[WHAT TO DO]
Your task is to copy each line in the listing that includes the word "Black".

[PROVIDED DATA]
___

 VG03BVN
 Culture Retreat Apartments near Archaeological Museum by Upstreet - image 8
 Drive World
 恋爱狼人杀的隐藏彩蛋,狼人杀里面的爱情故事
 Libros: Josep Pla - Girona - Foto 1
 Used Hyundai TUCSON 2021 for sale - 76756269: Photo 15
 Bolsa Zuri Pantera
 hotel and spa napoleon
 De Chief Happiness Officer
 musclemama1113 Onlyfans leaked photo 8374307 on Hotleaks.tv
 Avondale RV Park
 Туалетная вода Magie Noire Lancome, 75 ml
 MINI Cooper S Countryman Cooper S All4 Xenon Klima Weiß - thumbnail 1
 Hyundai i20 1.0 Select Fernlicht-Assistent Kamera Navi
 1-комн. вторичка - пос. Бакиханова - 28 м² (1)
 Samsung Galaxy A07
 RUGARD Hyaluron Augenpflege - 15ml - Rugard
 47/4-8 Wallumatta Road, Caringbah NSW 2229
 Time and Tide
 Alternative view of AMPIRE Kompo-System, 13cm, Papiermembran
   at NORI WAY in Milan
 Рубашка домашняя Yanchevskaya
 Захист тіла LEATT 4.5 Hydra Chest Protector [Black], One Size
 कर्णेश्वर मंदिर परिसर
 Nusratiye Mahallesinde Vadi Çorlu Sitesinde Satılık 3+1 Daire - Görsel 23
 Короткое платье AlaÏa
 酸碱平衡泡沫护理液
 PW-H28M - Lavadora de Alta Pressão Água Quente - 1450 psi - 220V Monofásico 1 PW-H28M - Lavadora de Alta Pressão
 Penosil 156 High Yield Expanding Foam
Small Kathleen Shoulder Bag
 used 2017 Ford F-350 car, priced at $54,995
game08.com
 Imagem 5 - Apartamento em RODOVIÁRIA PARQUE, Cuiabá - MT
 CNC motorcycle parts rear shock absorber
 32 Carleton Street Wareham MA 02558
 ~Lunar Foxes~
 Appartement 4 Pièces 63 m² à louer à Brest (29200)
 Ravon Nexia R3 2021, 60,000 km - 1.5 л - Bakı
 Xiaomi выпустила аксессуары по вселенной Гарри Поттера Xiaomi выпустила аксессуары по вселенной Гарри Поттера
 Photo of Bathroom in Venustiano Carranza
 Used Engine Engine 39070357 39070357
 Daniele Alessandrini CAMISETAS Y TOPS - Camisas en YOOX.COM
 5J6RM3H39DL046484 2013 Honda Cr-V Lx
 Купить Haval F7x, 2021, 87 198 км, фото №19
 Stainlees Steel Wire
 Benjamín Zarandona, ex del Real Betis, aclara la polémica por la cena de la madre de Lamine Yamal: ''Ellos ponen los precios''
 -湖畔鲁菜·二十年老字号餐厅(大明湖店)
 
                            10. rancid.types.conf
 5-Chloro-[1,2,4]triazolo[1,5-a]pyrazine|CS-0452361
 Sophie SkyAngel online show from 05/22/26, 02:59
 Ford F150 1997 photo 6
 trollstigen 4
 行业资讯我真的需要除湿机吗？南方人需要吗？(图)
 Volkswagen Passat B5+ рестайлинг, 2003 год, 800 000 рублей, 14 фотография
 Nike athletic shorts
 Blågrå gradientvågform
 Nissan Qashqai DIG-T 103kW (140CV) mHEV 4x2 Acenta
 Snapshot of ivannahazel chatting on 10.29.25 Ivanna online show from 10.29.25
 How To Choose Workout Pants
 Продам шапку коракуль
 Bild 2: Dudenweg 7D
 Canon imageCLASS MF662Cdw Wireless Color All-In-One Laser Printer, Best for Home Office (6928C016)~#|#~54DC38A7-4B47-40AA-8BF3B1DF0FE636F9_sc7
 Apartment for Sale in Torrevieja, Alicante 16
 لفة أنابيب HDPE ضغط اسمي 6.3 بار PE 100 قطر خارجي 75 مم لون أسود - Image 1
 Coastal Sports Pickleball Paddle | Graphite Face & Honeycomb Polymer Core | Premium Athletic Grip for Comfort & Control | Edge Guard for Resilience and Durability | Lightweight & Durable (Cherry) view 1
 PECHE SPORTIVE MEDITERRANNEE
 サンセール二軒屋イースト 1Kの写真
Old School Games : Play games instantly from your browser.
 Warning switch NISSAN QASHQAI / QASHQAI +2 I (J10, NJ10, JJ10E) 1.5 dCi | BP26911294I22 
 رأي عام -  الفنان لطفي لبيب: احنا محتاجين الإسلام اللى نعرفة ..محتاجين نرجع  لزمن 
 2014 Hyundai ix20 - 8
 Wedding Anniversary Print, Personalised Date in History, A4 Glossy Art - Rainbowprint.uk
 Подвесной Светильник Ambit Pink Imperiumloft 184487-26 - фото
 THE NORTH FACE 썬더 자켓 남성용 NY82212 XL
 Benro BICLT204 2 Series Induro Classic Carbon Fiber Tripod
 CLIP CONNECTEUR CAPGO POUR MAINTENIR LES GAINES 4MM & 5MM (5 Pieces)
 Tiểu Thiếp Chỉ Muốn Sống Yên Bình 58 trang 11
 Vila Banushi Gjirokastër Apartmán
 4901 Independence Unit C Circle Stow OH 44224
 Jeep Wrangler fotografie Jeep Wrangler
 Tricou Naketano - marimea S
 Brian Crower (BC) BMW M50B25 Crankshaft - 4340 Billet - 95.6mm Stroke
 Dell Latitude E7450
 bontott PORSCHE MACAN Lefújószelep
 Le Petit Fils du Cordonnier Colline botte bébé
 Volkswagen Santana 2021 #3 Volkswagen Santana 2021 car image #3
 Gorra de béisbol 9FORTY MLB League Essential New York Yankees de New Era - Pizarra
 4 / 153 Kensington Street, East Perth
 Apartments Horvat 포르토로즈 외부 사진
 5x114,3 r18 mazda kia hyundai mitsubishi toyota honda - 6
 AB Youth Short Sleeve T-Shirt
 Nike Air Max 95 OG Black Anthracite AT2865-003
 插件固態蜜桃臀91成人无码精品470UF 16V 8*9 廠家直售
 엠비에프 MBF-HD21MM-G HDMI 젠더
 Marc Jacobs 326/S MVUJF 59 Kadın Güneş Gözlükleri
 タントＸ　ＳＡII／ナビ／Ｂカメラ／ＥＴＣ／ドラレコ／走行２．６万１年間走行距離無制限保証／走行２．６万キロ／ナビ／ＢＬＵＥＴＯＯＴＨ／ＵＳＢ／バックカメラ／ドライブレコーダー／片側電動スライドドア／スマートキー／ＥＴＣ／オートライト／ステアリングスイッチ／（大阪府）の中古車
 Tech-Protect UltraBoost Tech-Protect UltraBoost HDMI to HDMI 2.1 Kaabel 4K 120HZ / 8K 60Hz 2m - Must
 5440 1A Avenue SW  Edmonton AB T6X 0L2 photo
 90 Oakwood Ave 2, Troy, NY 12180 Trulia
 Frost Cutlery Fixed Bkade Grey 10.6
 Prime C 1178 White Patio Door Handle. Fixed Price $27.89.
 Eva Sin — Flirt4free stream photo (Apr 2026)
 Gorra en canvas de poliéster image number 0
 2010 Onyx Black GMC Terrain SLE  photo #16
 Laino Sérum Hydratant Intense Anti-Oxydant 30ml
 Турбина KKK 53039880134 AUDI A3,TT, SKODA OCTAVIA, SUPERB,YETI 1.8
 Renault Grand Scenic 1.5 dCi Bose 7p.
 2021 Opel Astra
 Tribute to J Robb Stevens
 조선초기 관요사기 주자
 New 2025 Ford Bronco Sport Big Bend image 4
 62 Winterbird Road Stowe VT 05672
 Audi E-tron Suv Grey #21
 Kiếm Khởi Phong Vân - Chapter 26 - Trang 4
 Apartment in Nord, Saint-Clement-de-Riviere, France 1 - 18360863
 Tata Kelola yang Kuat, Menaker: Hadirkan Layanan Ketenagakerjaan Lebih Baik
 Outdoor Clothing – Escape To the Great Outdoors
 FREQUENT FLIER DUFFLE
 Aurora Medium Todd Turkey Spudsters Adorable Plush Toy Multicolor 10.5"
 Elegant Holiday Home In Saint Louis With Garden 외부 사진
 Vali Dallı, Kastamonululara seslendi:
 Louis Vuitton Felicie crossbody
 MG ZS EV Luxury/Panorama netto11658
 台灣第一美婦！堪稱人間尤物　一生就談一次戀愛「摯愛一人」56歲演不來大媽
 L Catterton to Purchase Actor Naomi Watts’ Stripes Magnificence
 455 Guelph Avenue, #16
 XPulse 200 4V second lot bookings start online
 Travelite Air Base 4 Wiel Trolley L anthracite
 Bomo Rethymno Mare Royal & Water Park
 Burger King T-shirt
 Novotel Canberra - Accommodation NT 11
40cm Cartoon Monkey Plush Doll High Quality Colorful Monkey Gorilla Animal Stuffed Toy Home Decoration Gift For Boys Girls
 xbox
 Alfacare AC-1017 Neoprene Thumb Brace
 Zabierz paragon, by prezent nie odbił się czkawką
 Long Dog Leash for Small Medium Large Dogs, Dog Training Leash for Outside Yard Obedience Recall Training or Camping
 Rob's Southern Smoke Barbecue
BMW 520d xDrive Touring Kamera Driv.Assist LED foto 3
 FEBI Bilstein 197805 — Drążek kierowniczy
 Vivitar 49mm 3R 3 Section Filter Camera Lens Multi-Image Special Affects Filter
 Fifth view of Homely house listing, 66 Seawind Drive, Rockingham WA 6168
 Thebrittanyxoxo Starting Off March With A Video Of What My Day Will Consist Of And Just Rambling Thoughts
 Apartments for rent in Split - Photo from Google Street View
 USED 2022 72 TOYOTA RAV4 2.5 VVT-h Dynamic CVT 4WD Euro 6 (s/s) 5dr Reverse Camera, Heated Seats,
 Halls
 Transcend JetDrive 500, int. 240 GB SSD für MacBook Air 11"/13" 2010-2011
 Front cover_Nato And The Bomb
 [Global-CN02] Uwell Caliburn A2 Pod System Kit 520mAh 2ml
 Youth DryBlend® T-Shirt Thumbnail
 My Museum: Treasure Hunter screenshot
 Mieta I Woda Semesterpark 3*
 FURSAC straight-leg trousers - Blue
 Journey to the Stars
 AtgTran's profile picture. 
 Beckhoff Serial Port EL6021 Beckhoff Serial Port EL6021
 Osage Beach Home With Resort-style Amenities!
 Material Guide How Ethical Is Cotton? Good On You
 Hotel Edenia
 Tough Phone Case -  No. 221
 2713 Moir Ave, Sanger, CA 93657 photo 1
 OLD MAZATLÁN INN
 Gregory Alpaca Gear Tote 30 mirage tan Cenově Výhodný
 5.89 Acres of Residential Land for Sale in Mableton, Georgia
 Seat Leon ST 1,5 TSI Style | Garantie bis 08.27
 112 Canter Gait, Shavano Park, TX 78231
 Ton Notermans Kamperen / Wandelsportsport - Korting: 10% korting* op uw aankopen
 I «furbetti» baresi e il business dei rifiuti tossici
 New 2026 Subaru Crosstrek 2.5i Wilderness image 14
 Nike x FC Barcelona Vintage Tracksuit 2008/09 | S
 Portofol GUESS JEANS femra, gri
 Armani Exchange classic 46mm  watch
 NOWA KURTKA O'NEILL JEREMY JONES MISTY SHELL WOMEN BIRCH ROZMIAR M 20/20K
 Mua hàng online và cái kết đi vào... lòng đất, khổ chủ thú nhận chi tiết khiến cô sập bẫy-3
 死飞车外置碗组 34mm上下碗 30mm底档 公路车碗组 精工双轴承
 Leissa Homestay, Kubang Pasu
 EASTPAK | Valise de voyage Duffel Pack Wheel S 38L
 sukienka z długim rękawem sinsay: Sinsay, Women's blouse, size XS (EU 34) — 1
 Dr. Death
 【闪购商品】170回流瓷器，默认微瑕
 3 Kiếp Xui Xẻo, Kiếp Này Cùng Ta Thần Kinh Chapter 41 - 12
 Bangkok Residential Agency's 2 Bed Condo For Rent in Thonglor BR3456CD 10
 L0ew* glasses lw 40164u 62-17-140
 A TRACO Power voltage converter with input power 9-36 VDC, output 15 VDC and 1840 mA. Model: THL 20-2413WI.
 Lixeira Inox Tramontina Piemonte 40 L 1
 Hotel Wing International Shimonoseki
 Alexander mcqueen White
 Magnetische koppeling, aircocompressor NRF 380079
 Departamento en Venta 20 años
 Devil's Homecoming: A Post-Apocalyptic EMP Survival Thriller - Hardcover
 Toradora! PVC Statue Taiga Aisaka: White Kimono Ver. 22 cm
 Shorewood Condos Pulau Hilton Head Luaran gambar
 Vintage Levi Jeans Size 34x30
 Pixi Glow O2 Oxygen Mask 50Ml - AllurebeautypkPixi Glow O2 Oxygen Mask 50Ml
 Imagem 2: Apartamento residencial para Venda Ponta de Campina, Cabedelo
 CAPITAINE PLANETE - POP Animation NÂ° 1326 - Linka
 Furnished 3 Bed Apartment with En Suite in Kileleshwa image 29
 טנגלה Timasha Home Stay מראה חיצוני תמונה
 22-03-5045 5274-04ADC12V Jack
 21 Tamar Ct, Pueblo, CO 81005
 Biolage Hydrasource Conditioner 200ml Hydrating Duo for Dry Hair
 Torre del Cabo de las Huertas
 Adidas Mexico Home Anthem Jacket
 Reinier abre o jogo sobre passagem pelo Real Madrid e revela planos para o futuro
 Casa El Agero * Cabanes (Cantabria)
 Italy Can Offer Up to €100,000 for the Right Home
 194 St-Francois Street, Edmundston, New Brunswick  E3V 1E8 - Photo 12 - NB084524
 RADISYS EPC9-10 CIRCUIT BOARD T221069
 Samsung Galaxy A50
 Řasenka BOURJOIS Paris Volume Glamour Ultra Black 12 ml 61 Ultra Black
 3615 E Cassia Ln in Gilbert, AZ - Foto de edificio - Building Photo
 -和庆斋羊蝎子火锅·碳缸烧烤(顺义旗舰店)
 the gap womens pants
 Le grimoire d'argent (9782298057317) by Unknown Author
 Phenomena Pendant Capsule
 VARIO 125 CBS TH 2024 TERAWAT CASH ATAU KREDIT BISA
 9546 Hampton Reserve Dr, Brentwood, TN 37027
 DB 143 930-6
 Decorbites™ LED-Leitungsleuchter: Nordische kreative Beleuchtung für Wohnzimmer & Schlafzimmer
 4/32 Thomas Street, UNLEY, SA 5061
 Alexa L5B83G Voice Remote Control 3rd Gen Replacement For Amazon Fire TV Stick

___

[ANSWER TO THIS TASK]
 Захист тіла LEATT 4.5 Hydra Chest Protector [Black], One Size
 Nike Air Max 95 OG Black Anthracite AT2865-003
 2010 Onyx Black GMC Terrain SLE  photo #16
 Řasenka BOURJOIS Paris Volume Glamour Ultra Black 12 ml 61 Ultra Black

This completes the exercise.